今日、NHKのBSハイビジョンで「コリオレイナス」を放送していた。
非常に有能だが、傲慢な戦士コリオレイナス。
彼は執政官になるため、民衆に認められなければならない。
「謙虚」な男だと民衆に受け入れられるため、ボロをまとって挨拶するという儀式。
戦いで受けた傷も、ここでは単なる「好奇心の対象」「見せ物」にすぎない。
必要な手続きとわかっていても、彼にとっては非常に屈辱的な経験だった。
「有能な自分」「誇り高い自分」が、「愚民」に頭を下げて何になる?
ちゃんとした政治をやればいい。
「愚民」のいうままご機嫌とっていたら、かえって社会は悪い方にいく。
四の五の言わずに私の才能を信じろ! 実績を評価しろ!
この舞台が彩の国さいたま芸術劇場で上演されてから、3ヶ月ほどしかたっていない。
それなのに、今日、私はまったく違った感想を持った。
その原因は東京都知事選挙である。
石原慎太郎氏の選挙参謀を務めていた佐々淳行氏は、石原氏の当選確実を聞いて、
以下のようにインタビューに答えている。
「確かに彼は傲慢なところがありました。
しかし、もっと謙虚になるように、という私の助言を受け入れてくれて、
彼は選挙戦を闘った」
私は東京都民ではないので、彼の選挙運動の様子を直接には見聞きしていないが、
ニュースで流れた選挙演説中の石原氏の顔に、やわらかな微笑が漂うのを見たことがある。

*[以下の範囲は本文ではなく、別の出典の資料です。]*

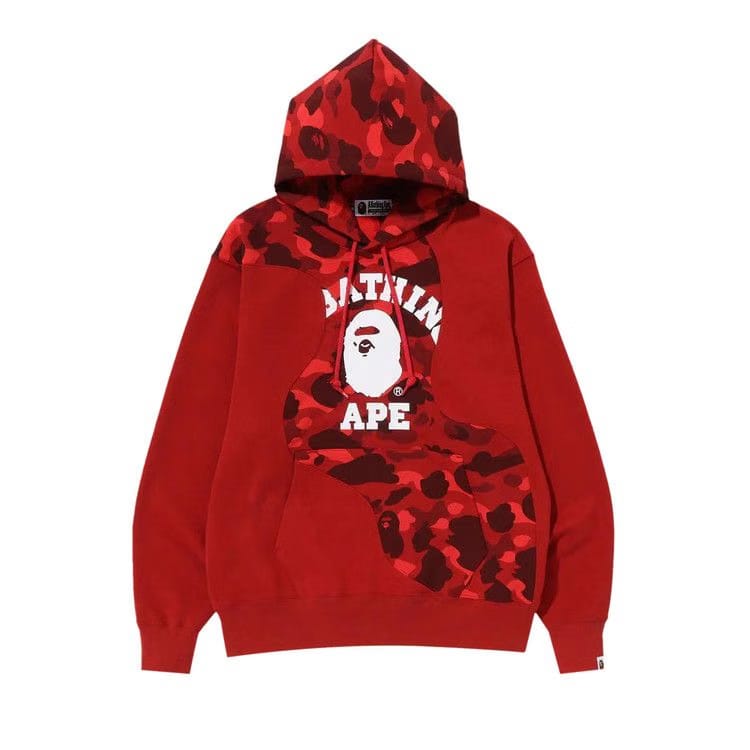 BAPE Color Camo College Cutting Relaxed Fit Hoodie Red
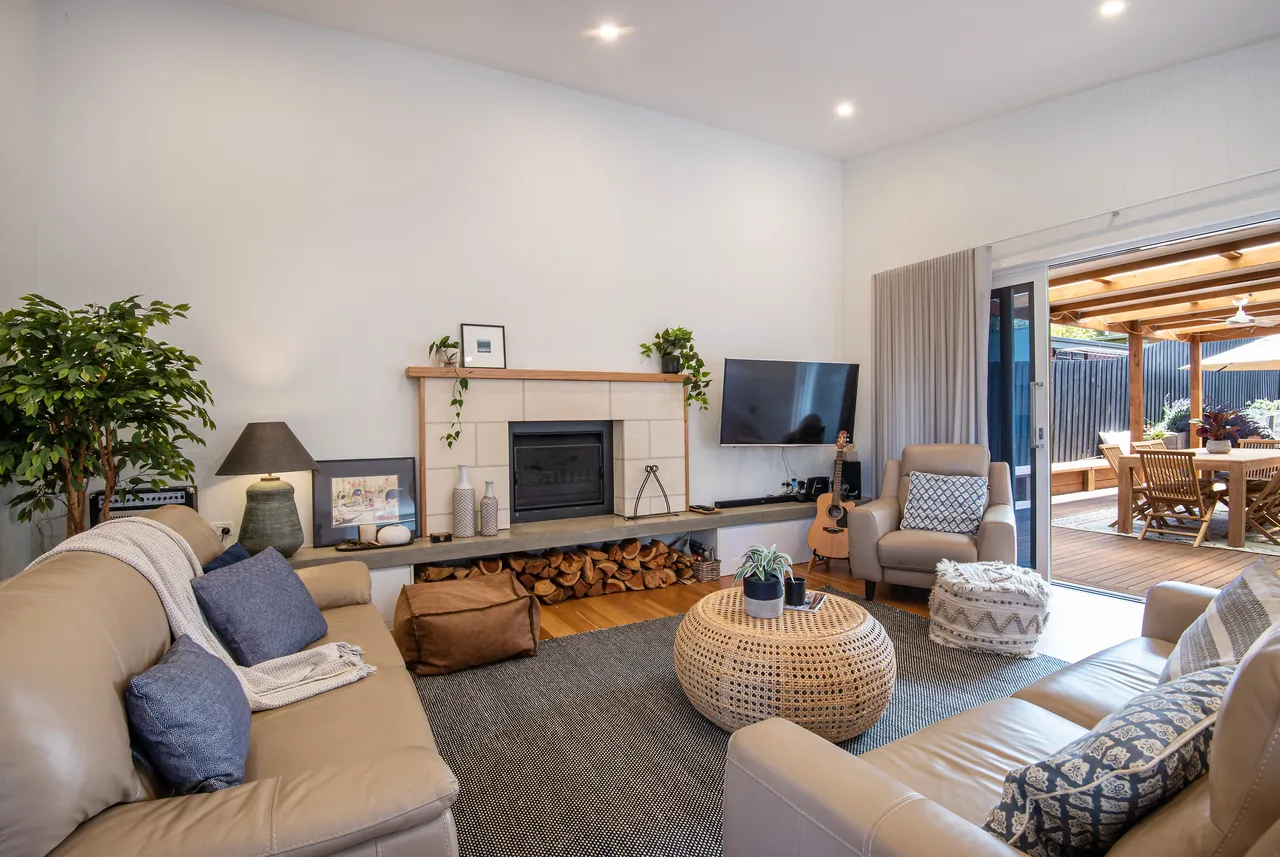 living room with fireplace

それは、都知事の定例会見などで時に見せる高圧的な表情とはまったく異なるものだった。
コリオレイナスの母(白石加代子)は言う。
「戦争の時、計略は大切でしょう。
本当の自分を隠して行動しても、それが勝利につながれば評価される。
平時も同じ。勝つためには、本心など言わなくてもいい。
とにかく、権力を持つこと。それが先決」と。
本心を隠しているのは、他の政治家たちも同様である。
コリオレイナスを嫌う護民官たちは、民衆を扇動し、彼を追放しようとする。
真実はどこにある?
民衆は、真実を見ているのか?
2週間の選挙運動期間で、私たちは投票行動を決める。
誰が微笑みかけてくれたか。
誰が握手をしてくれたか。
誰が耳に心地よいことを言ってくれたか。
そういうことで決める人もいるだろう。
「もっと実績をみてくれ」
「今までやってきたことを評価してくれ」
「できもしないことを約束したり、おべっかつかったりするヤツを選ぶのか?」
コリオレイナスの叫びは、まっとうに聞こえる。
でも。
にこやかに握手をした後に垣間見えた不遜な横顔に、
民衆はコリオレイナスの本心を嗅ぎつける。
結局、コリオレイナスは自分の信条を曲げることができず、民衆の反感を買って
執政官として認められなかったばかりかローマからも追放されてしまう。
彼は愚かだろうか?
もっとうまくやればよかったのだろうか。
この戯曲が私たちにつきつけているものはあまりに深い。
主人公たちのセリフだけでなく、
民衆の言葉にも、耳を傾けたい。